Hidalgo2 Data Transfer Tool

This repository contains the implementation of the Hidalgo2 data transfer tool. It uses Apache NIFI to transfer data from different data sources to specified targets

Features

This tool is planning to support the following features:

  • transfer datasets from Cloud Providers to HDFS
  • transfer datasets from Cloud Providers to CKAN
  • transfer datasets from/to Hadoop HDFS to/from HPC
  • transfer datasets from/to Hadoop HDFS to/from CKAN
  • transfer datasets from/to a CKAN to/from HPC
  • transfer datasets from/to local filesystem to/from CKAN

Current Version

Current version supports the following features:

  • transfer datasets from/to Hadoop HDFS to/from HPC
  • transfer datasets from/to Hadoop HDFS to/from CKAN
  • transfer datasets from/to a CKAN to/from HPC
  • transfer datasets from/to local filesystem to/from CKAN

Implementation

Current implementation is based on Python. It is implemented as a CLI that executes a transfer command, by creating a NIFI process group out of the worflow definition reqistered in NIFI registry. It uses the parameters given within the CLI command invocation to populate a NIFI parameter context that is asociated to the created process group. Then, the process group processors are executed once (or until the incoming flowfile queues is empty), one after another, following the group sequence flow, until the flow is completed. To check the status of the transfer command, the CLI offers a check-status command. The Data Transfer CLI tool sends requests to NIFI through its REST API.

Requirements

To use the Data Transfer CLI tool, it is required the following requirements:

  • Python3 execution environment
  • Poetry python package management tool (optional)
  • NIFI instance, with a NIFI server SSH account (for keys transfer)
  • Keycloak instance, with a KEYCLOAK user's account
  • HDFS instance, with a user Kerberos principal account
  • CKAN instance, with an user APIKey

Python3 and Poetry (optional, only from installation from the GitHub repository) should be installed in the computer where Data Transfer CLI tool will be used. To install Poetry, follows this instructions

For a quick download, setup, configuration and execution of the DTCLI go to section Quick Deployment, setup, configuration and execution

CLI configuration

Configuration file

Before using the Data Transfer CLI tool, you should configure it to point at the target NIFI. The configuration file is located at the user's ~/dtcli/dtcli.cfg file. This configuration overrides (optionally) and completes the tool configuration.

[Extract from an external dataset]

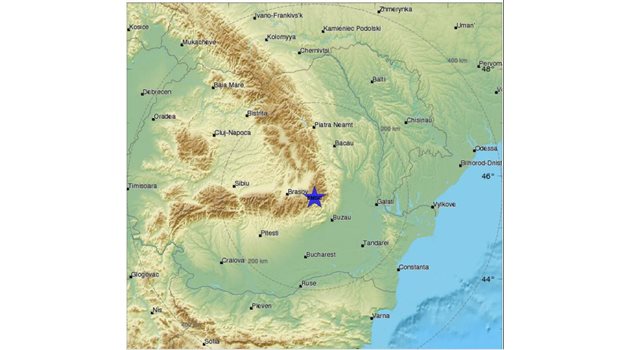 Епицентърът на земетресението Карта: Средиземноморски сеизмологичен център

The default tool configuration is:

[Nifi]
nifi_endpoint=http://localhost:8443
nifi_upload_folder=/opt/nifi/data/upload
nifi_download_folder=/opt/nifi/data/download
nifi_secure_connection=True

[Keycloak]
keycloak_endpoint=https://idm.hidalgo2.eu
keycloak_client_id=nifi

[Logging]
logging_level=INFO

[Network]
check_status_sleep_lapse=5

Under the NIFI section,

  • We define the url of the NIFI service (nifi_endpoint),
  • We also specify a folder (nifi_upload_folder) in NIFI server where to upload files
  • And another folder (nifi_download_folder) where from to download files. These folder must be accessible by the NIFI service (ask NIFI administrator for details).
  • Additionally, you cat set if NIFI servers listens on a secure HTTPS connection (nifi_secure_connection=True) or on a non-secure HTTP (nifi_secure_connection=False)

Under the Keycloak section, you can configure the Keycloak integrated with NIFI, specifying:

  • The Keycloak service endpoint (keycloak_endpoint)
  • The NIFI client in Keycloak (keycloak_client)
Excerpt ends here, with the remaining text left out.